But how does one go about creating software to simulate these complicated processes?

Much of the mathematics behind Griffith’s work involves developing approximate solutions to complex equations. He and his team conduct laboratory experiments to calculate fluid force distributions. With this information, they can construct and tweak computer simulations.

For example, they are currently trying to model artificial heart valve functionality. Within these prosthetics, leaflets open and close to control blood flow, just like valves in a human heart. Using a technique called particle image velocimetry, they can image fluid movement through the leaflets with the help of a tabletop heart model called a pulse duplicator.
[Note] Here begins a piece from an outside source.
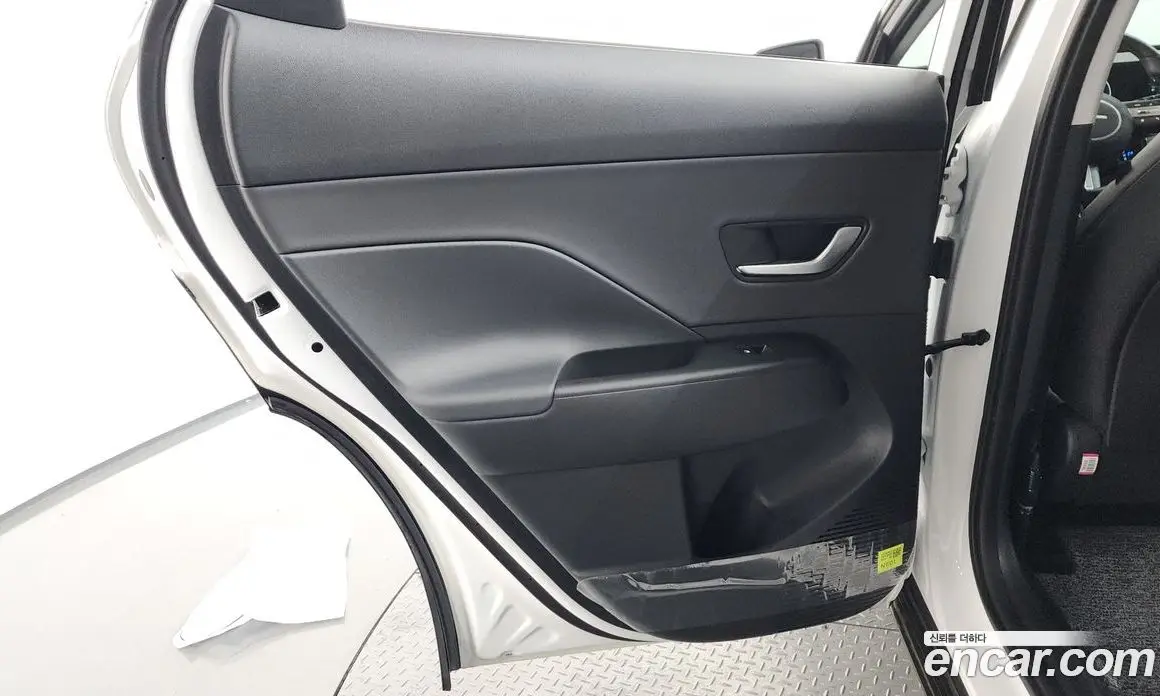 Hyundai Kona 2025 1.6 автомат (гидро), фото 15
During these experiments, particles suspended in fluid are pushed through an artificial valve within a chamber of the pulse duplicator. As this happens, the particles in the chamber are illuminated by a rapidly pulsing laser beam, and their movement is tracked by a camera that takes a photo for each laser flash.

The resulting snapshots allow Griffith’s team to reconstruct the fluid’s motion through the valve and calculate the velocity of that fluid by examining the displacement of the particles between images. This analysis helps validate computer-generated models of the same process.

Getting Back On Beat
Another project Griffith and his team are working on is cardiac modeling for assessing the risk of clot development in the bloodstream, specifically focusing on clot formation due to atrial fibrillation. This heart condition, characterized by desynchronized beating between the left and right atrial chambers, is the most commonly diagnosed form of arrhythmia in the United States.
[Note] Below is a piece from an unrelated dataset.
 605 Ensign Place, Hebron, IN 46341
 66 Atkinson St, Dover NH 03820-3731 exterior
In atrial fibrillation, the electrical wave triggering a heartbeat is fragmented and chaotic, often reentering the cardiac tissue instead of being extinguished. The heart beats irregularly and often much faster than normal, greatly reducing blood flow. With this reduction comes the risk of blood coagulation and clotting, which can lead to stroke. Many patients with atrial fibrillation are prescribed anticoagulants, but these aren’t safe and effective for all cases. To determine whether patients should receive them, relatively simple metrics are used to assess clotting risk, and most patients are placed at intermediate risk.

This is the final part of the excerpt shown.